What you are asked to do: Find the line containing "ZK - Electric Water Kettle My Store", then return it and every line after it through the end of the records, exactly. Leave out pictures.

Data shown:
--*--
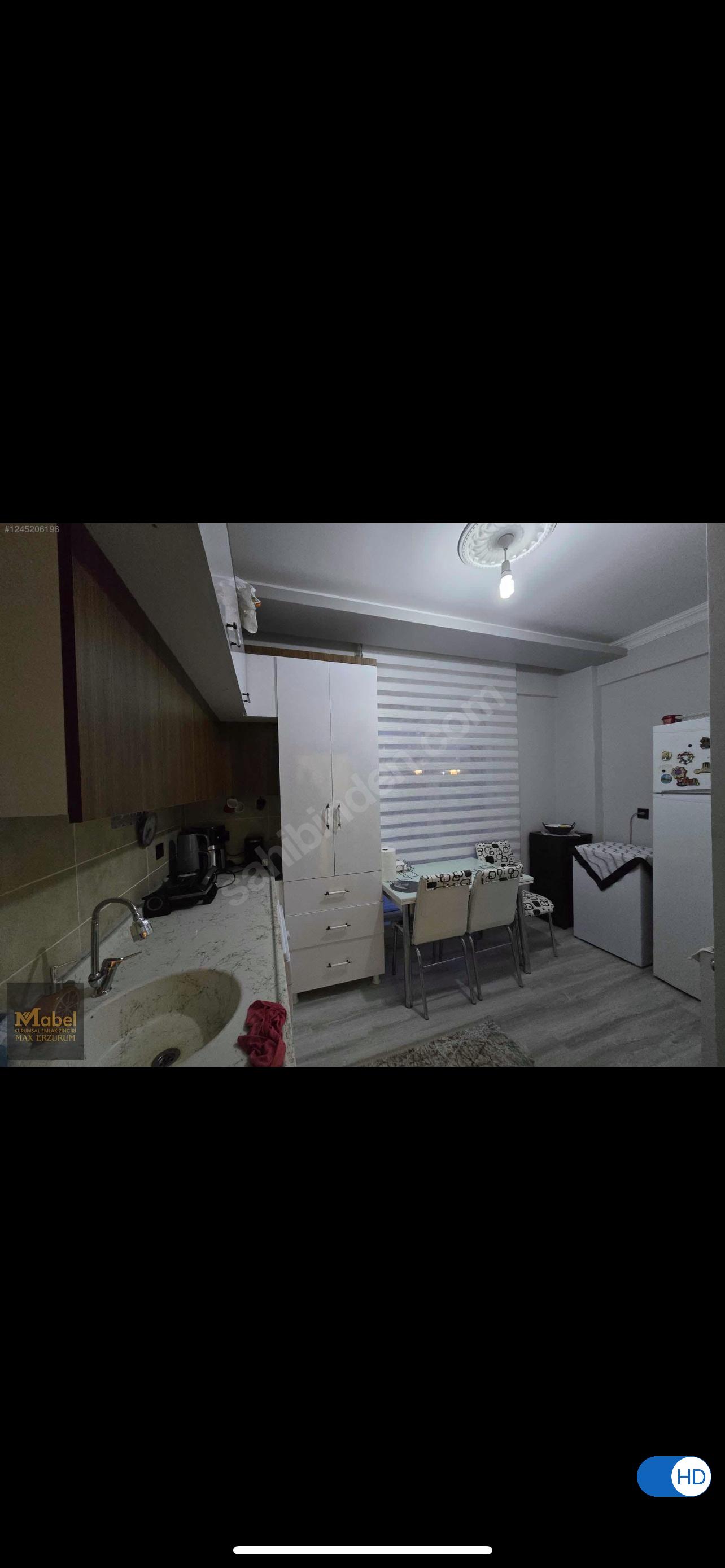 MABEL'DEN HİLALKENT'TE (2+1) SATILIK DAİRE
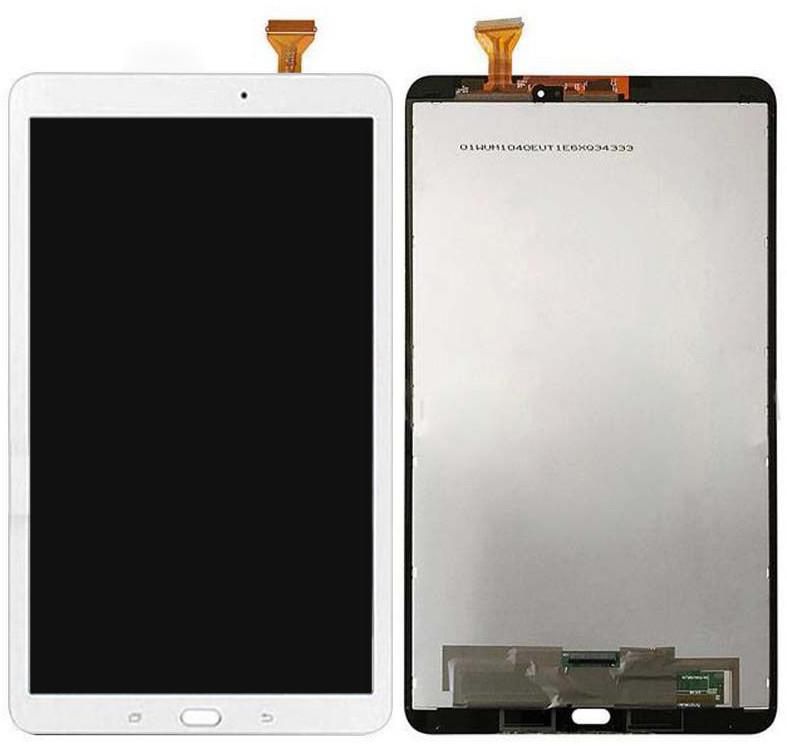 CoreParts Screen with Digitizer for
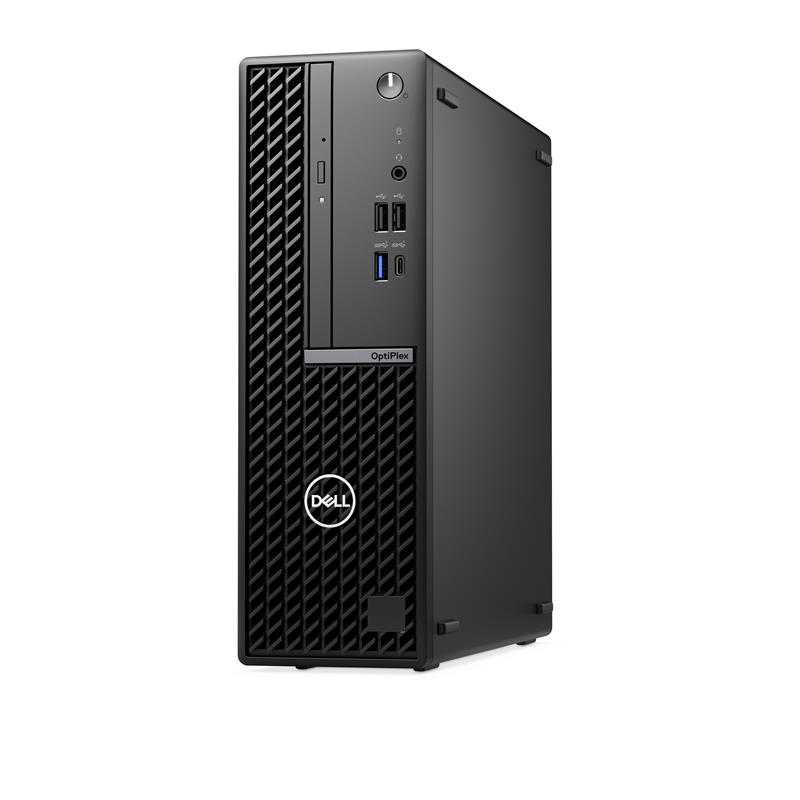 DELL OptiPlex 7020 Intel® Core™ i5 i5-12500 16 GB DDR5-SDRAM 512 GB SSD Windows 11 Pro SFF PC Zwart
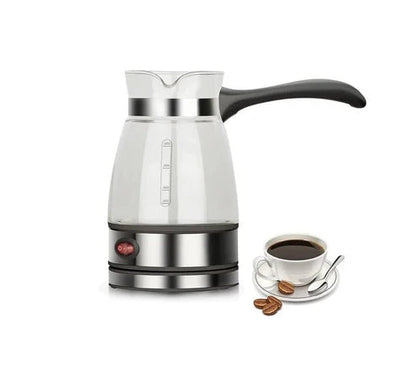ZK - Electric Water Kettle My Store
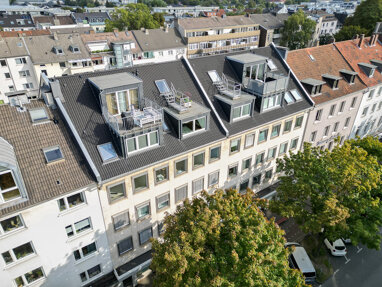 Wohn- und Geschäftshaus zum Kauf 5.250.000 € 1.545 m² 830 m² Grundstück Kaiserbrunnen Dortmund 44135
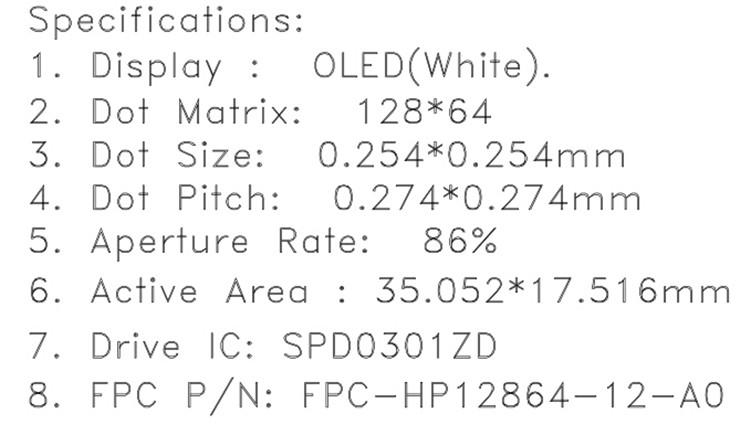 spec spec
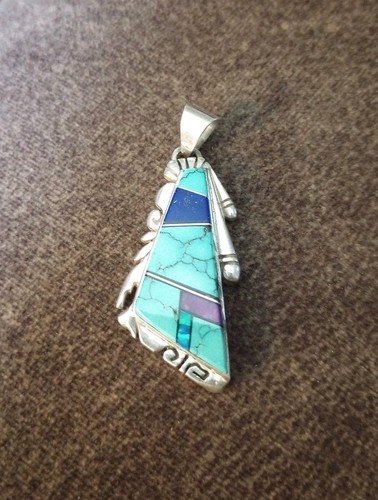 Vtg sterling silver - sterling,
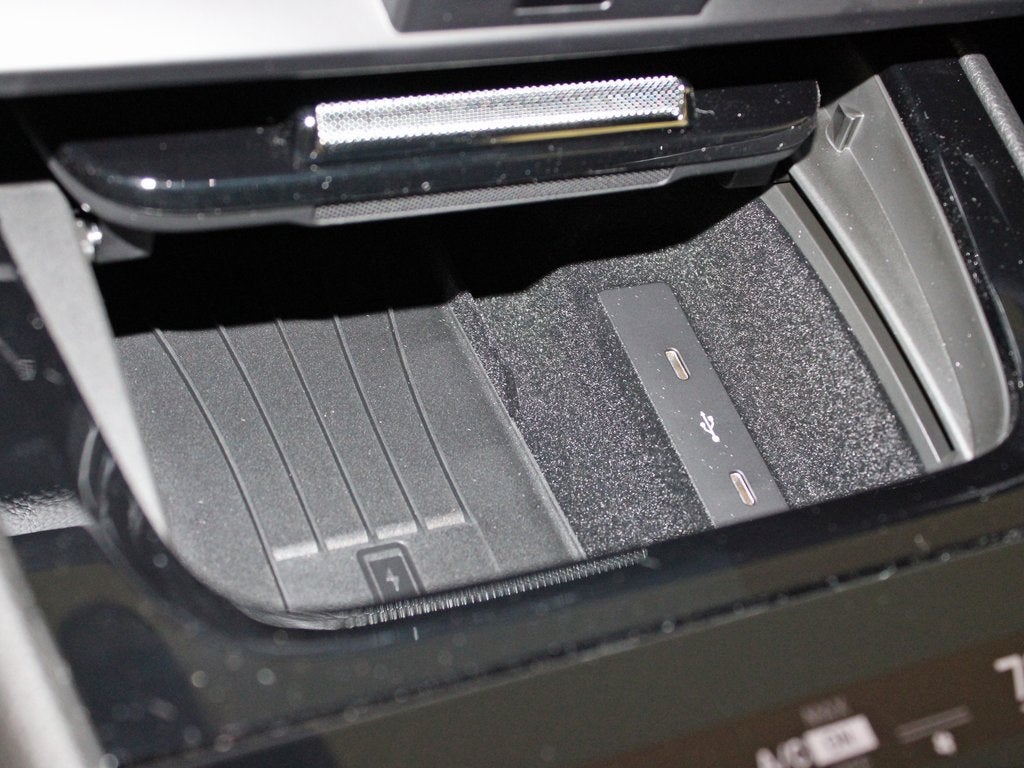 2025 Porsche Cayenne Base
--*--
Task response:
ZK - Electric Water Kettle My Store
 Wohn- und Geschäftshaus zum Kauf 5.250.000 € 1.545 m² 830 m² Grundstück Kaiserbrunnen Dortmund 44135
 spec spec
 Vtg sterling silver - sterling,
 2025 Porsche Cayenne Base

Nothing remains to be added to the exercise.